» PROMPT: Below are records that should be duplicated exactly, with no image retained.

» PROVIDED DATA:

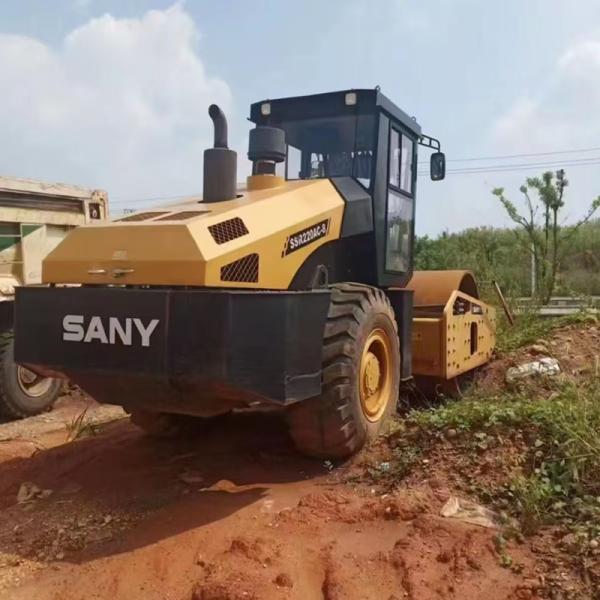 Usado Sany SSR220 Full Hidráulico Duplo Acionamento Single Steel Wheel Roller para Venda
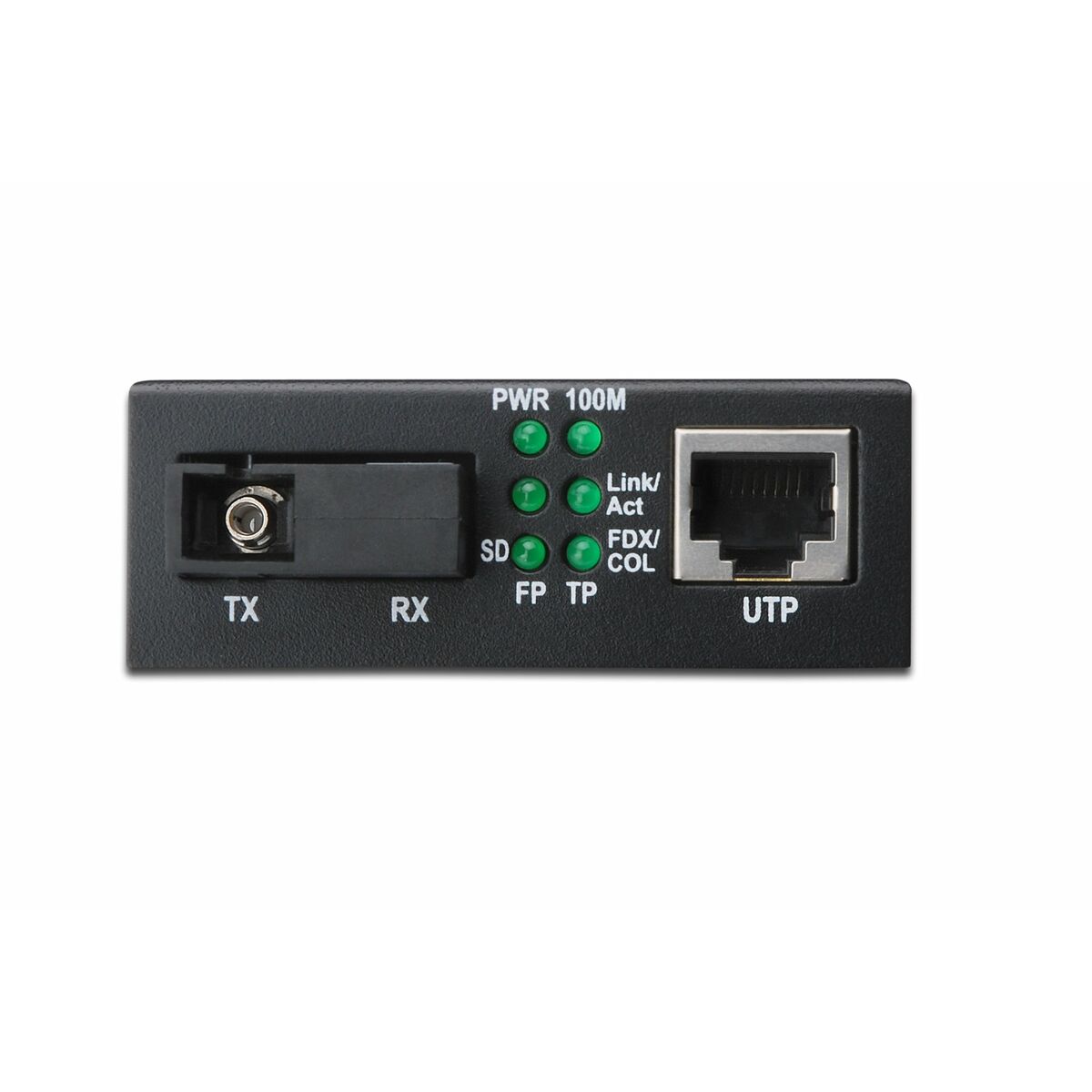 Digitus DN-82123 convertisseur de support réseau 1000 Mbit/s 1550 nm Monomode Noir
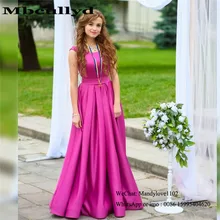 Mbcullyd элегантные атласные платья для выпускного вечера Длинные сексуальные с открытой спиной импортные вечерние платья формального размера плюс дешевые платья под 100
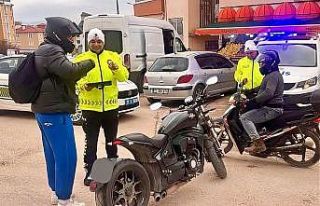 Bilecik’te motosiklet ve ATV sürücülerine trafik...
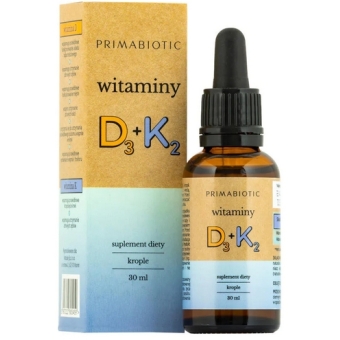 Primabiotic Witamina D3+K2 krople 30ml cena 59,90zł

» ANSWER FOR THE TASK:
 Usado Sany SSR220 Full Hidráulico Duplo Acionamento Single Steel Wheel Roller para Venda
 Digitus DN-82123 convertisseur de support réseau 1000 Mbit/s 1550 nm Monomode Noir
 Mbcullyd элегантные атласные платья для выпускного вечера Длинные сексуальные с открытой спиной импортные вечерние платья формального размера плюс дешевые платья под 100
 Bilecik’te motosiklet ve ATV sürücülerine trafik...
 Primabiotic Witamina D3+K2 krople 30ml cena 59,90zł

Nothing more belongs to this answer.